Clean email list: Email Hygiene Best Practices
The success of your email marketing campaign is based on one thing, and one thing only; your list. You can create the world’s most beautiful email, but it will have no impact if it isn’t sent to the correct people.
If you have gathered subscribers through the usual channels, such as sign up forms on your website, through transactions or through social media, your list may be generally clean. By clean, we mean free from email addresses that may damage your reputation. Spam complaints, bounces and unsubscribes will lead to account warnings or may even lead to your account becoming suspended, which will prevent you from sending. And you don’t want that.
Here are our best practices for a successful clean email list and hygiene program:
1. Scrub your lists regularly
You should remove unsubscribes and bounced emails immediately, but you should also take a look at the rest of your list at least once a month. This will ensure your list is kept as clean as possible. Run your lists against a list of known bad domain and role accounts. This should go beyond simply removing duplicate addresses.
2. Remove bad domains
Look closely at your reports and identify bad addresses. Analyse whether the addresses are bad because of a data capture problem, or if it is a non-existent domain. Use common sense, misspelled domains (like alo.com, hotmale.com) can be rectified and will not need to be removed.
3. Remove distribution accounts
ISPs will be on the lookout for a large amount of mail being sent to these types of addresses. These are addresses like admin@, info@ or sales@. These addresses are usually found on websites, so are usually targeted by spammers. And on a personal level, you can’t connect with your customer through a sales@ email address.
4. Remove spam email addresses
Remove all email addresses that contain the word ‘spam’. These are associated with spam traps, which can lead to being blacklisted by ISPs.
5. Remove inactive addresses
Compare the frequency of your email sends, with how often a person engages with a message.

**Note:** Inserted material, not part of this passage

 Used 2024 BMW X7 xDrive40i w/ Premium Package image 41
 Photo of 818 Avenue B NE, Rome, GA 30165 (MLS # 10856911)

If you’ve sent a newsletter every two weeks, and someone hasn’t opened your email for 6 months, it’s time to take them off the list. You could always move these contacts to a new list/address book for future reengagement tactics.
6. Use data checkers
You can avoid future headaches by installing a data checker on your website, or wherever you collect addresses. The checker will determine whether the address entered is valid or not, for example, the spelling errors listed above, or the wrong symbol in the place of an @. Nipping the problem in the bud will save you time and effort in the future.
7. Feedback loops
If possible set up feedback loops with ISPs and other receivers. Feedback loops will keep you from sending emails to those who have indicated that they no longer want any form of communication. It’s important to do this for two reasons: to protect your sender reputation, and to provide a good customer service.
The importance of email lists hygiene should not be over looked, and those companies with a large list should take time every month to use the best practices listed above. Of course, using a clean email list is only one part of deliverability but it should not be overlooked.
Keep your lists squeaky clean, and you might even get a sticker for being well behaved.